EPJartisan is dead on the money about the interlocked grain and vertical striping effect in mahogany, and the sample wood does not have that. The wood in question is definitely cherry. Like some others have said, I have some that matches exactly. The dark color is typical of cherry that has been exposed to light. This darkening of cherry is a distinctive feature.


----------



## joeyinsouthaustin (Sep 22, 2012)

I understand what all are saying about the grain, but I don't see it…. I might need a new prescription (actually I do) I look forward to seeing both the matching cherry, and the end grain pics!! How exciting.


----------



## EPJartisan (Nov 4, 2009)

I realized I wrote the parenchyma were parallel, but they are perpendicular to the growth rings.
I found some pictures from HobbotHouse




























Soon as my camera is back up I can take samples from around my house.. and like I said next monday I will make it concrete that this is black cherry.


----------



## EPJartisan (Nov 4, 2009)

Here are some small snap shot of areas I use quarter sawn cherry in my condo.

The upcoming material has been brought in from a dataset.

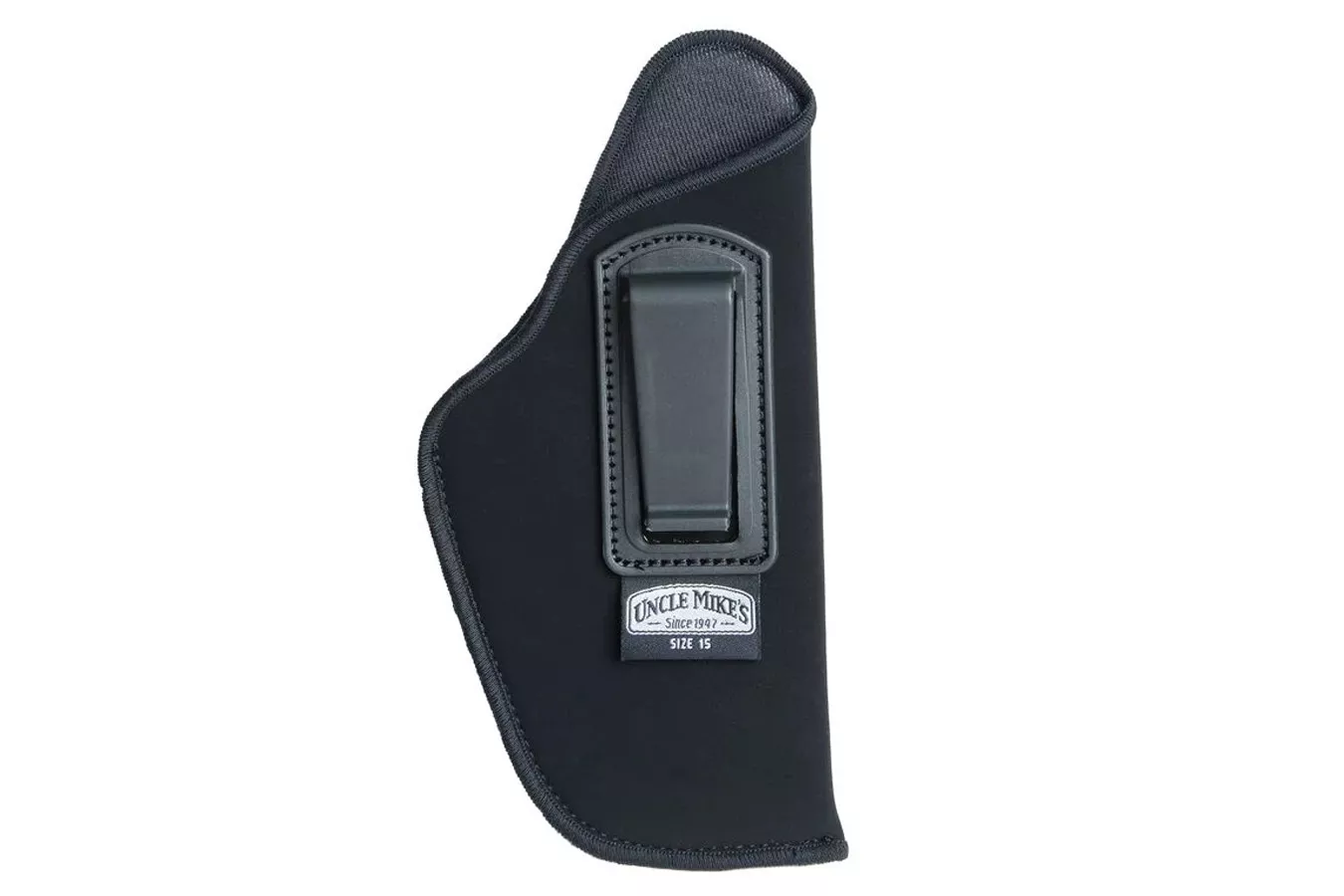 Uncle Mikes UM Nylon IWB Holster Size 12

I like putting it where people will see it in unexpected places… bookshelf trim, door frame edges, shelf edges and brackets.. etc… it is too busy and costly to use everywhere, so I choose it, along with the fire figure also found in cherry wood.. or what some crassly call blotching.


----------



## WoodYard (Feb 26, 2010)

Is this it?
http://woodfinder.com/woods/khaya.php


----------



## mcgyver (Apr 11, 2013)

cherry this is a picture of some in my airstream cabinets im building wild black cherry from louisiana


----------



## WDHLT15 (Aug 15, 2011)

Rick,

No, that is not it. The mahogany has interlocked grain. That shows up in your pic as horizontal bands. Cherry does not have this striped effect.


----------



## Straightbowed (Feb 9, 2012)

its cherry


----------



## Flocktothewall (Jan 16, 2011)

Finally I cut the end grain.



















I think it is Cherry, I was milling a board in which I thought to be 40 year old walnut (like everything else and it also is quartered cherry)


----------



## bold1 (May 5, 2013)

I've only seen a couple pieces, but it looks like red or dark, however you rate it, Teak.


----------